- _THE PROBLEM_:
Only one stretch of the material below is wanted: everything from the line containing "AL-KO TCS 3200" down to the line containing "2007 Chevrolet Colorado", both ends included. Repeat it exactly and skip the pictures.

- _PROVIDED INFORMATION_:
....................
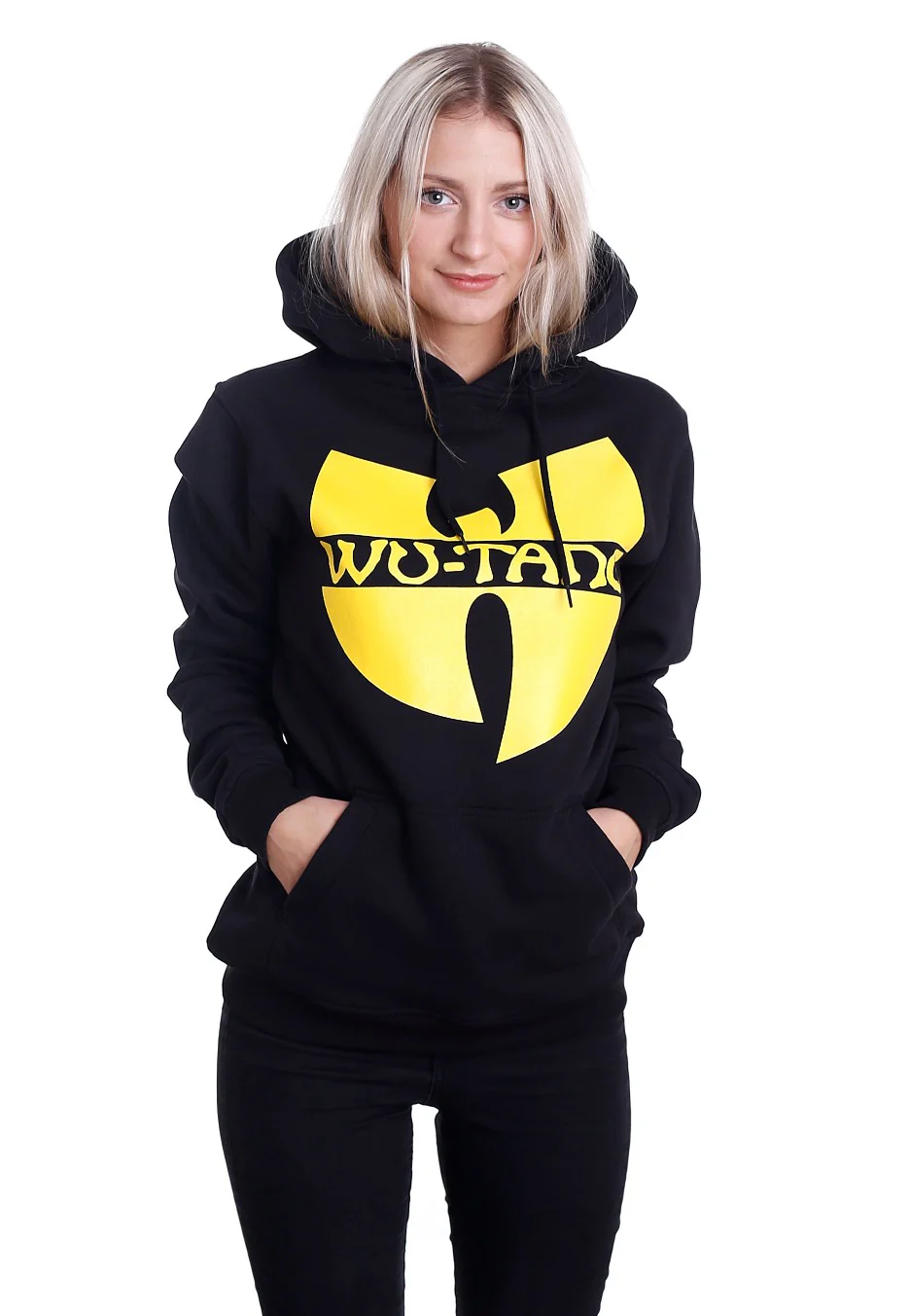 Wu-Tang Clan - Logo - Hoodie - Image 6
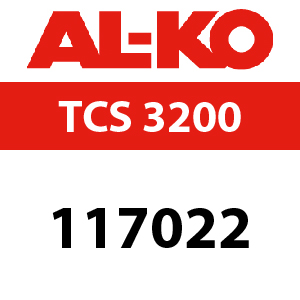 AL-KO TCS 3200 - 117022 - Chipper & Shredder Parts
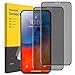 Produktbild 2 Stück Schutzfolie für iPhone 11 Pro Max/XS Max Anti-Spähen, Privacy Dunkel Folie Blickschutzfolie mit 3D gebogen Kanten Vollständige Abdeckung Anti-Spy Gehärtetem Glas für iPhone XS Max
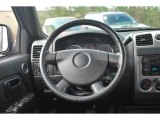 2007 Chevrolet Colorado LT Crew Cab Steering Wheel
....................
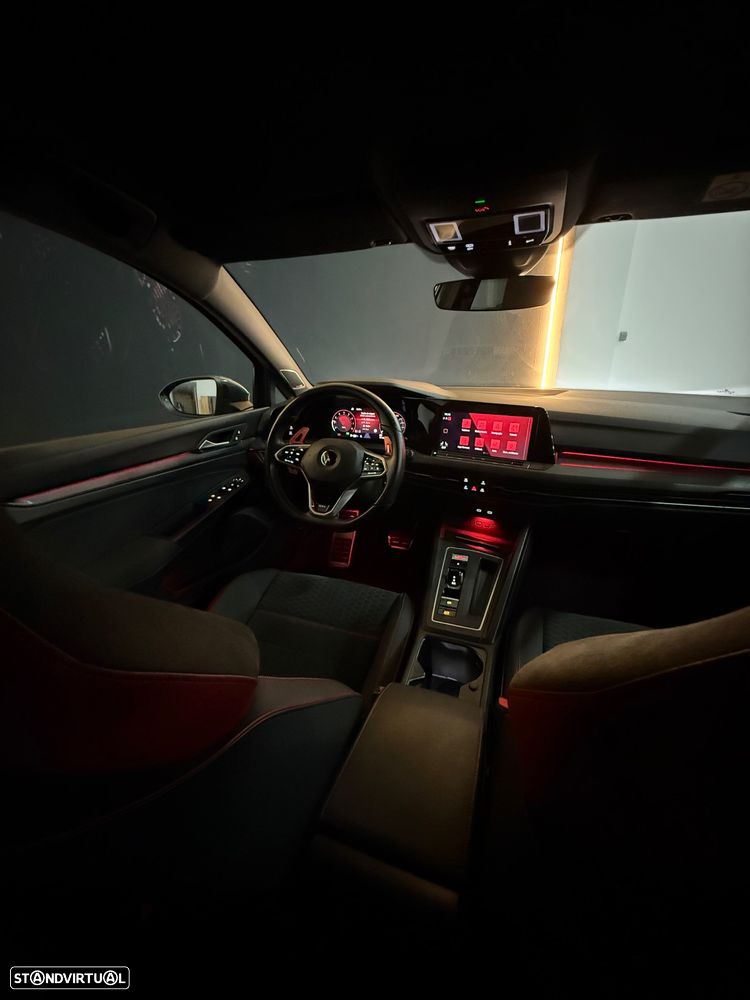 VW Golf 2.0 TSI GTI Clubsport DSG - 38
....................
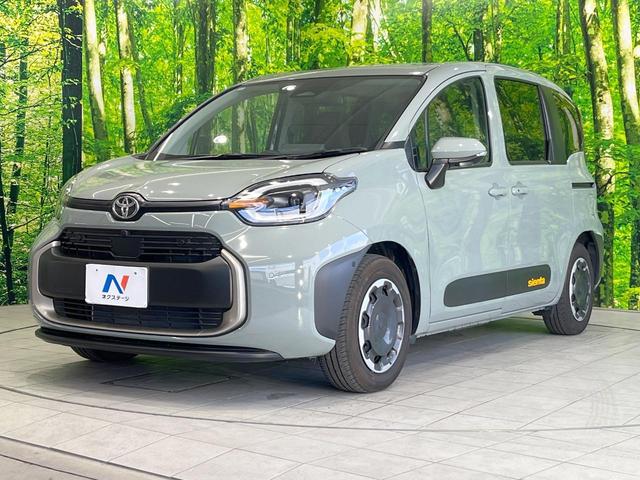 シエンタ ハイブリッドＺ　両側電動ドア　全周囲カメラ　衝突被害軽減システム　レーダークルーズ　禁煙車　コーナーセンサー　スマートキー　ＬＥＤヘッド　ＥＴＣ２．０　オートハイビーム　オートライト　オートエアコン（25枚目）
....................
- _EXERCISE OUTPUT_:
 AL-KO TCS 3200 - 117022 - Chipper & Shredder Parts
 Produktbild 2 Stück Schutzfolie für iPhone 11 Pro Max/XS Max Anti-Spähen, Privacy Dunkel Folie Blickschutzfolie mit 3D gebogen Kanten Vollständige Abdeckung Anti-Spy Gehärtetem Glas für iPhone XS Max
 2007 Chevrolet Colorado LT Crew Cab Steering Wheel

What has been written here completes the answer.